Provided data:
● ● ● ●
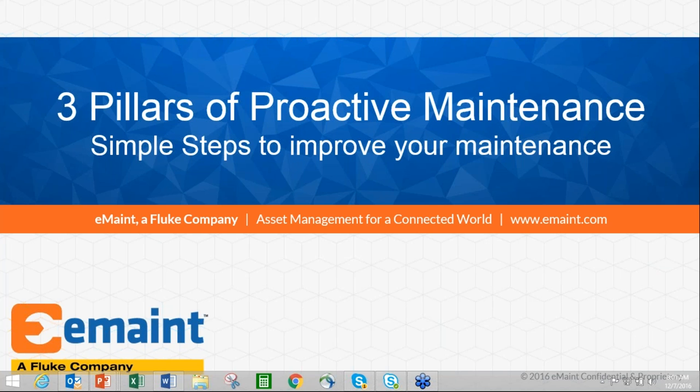Before we get into the program, just a couple of housekeeping notes. We'll be taking audience polls throughout the session and saving questions from the audience for the end. We will make a recording of today's session available afterwards, sharing it with registrants and posting it on our website. E-Main is a CMMS software provider offering a wide array of webinars and educational offerings. This Best Practice Webinar Series focuses on maintenance strategies — this is not an E-Main product demo.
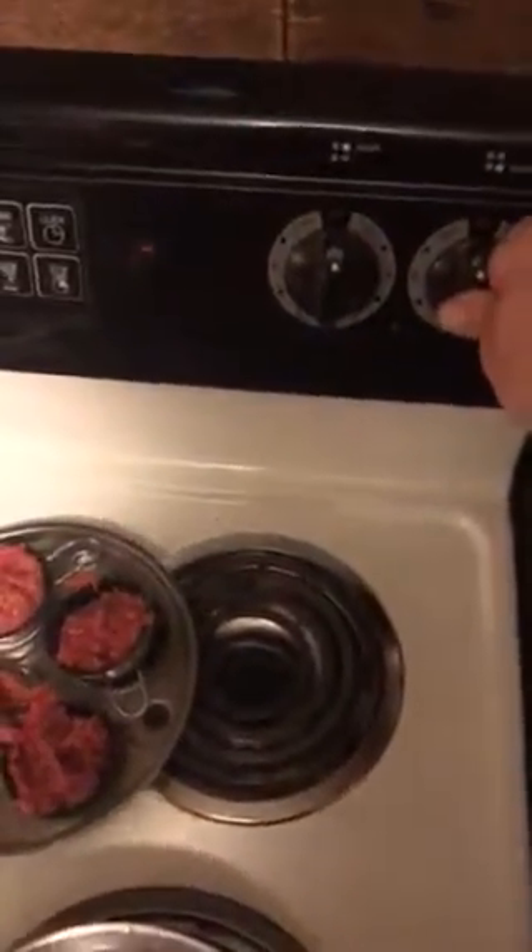We're gonna set this on front, we're gonna see if this works. And then you're gonna basically do both at one time — we always love grilled onions. Always sauté.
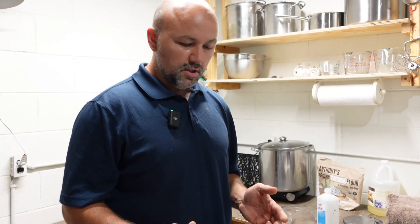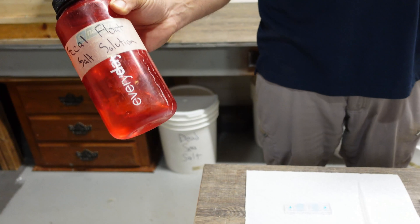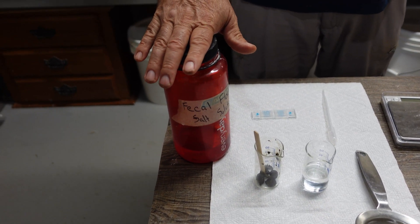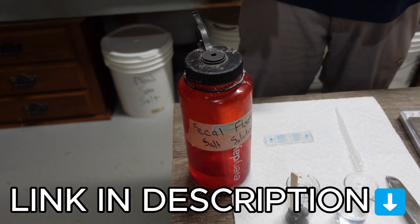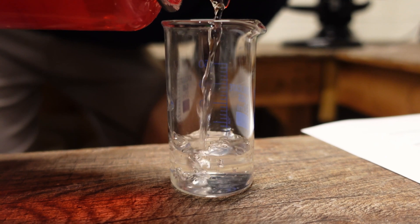As far as things we need: a fecal float solution — this is something I made myself, and on their website they have the directions on how to make that too, which we can put the link for in the description below. We'll need 26 milliliters, which I already have measured out.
● ● ● ●
Problem details: An exact copy of the listing above is to be set down, with no pictures in it.

Solution to the problem:
Before we get into the program, just a couple of housekeeping notes. We'll be taking audience polls throughout the session and saving questions from the audience for the end. We will make a recording of today's session available afterwards, sharing it with registrants and posting it on our website. E-Main is a CMMS software provider offering a wide array of webinars and educational offerings. This Best Practice Webinar Series focuses on maintenance strategies — this is not an E-Main product demo.
We're gonna set this on front, we're gonna see if this works. And then you're gonna basically do both at one time — we always love grilled onions. Always sauté.
As far as things we need: a fecal float solution — this is something I made myself, and on their website they have the directions on how to make that too, which we can put the link for in the description below. We'll need 26 milliliters, which I already have measured out.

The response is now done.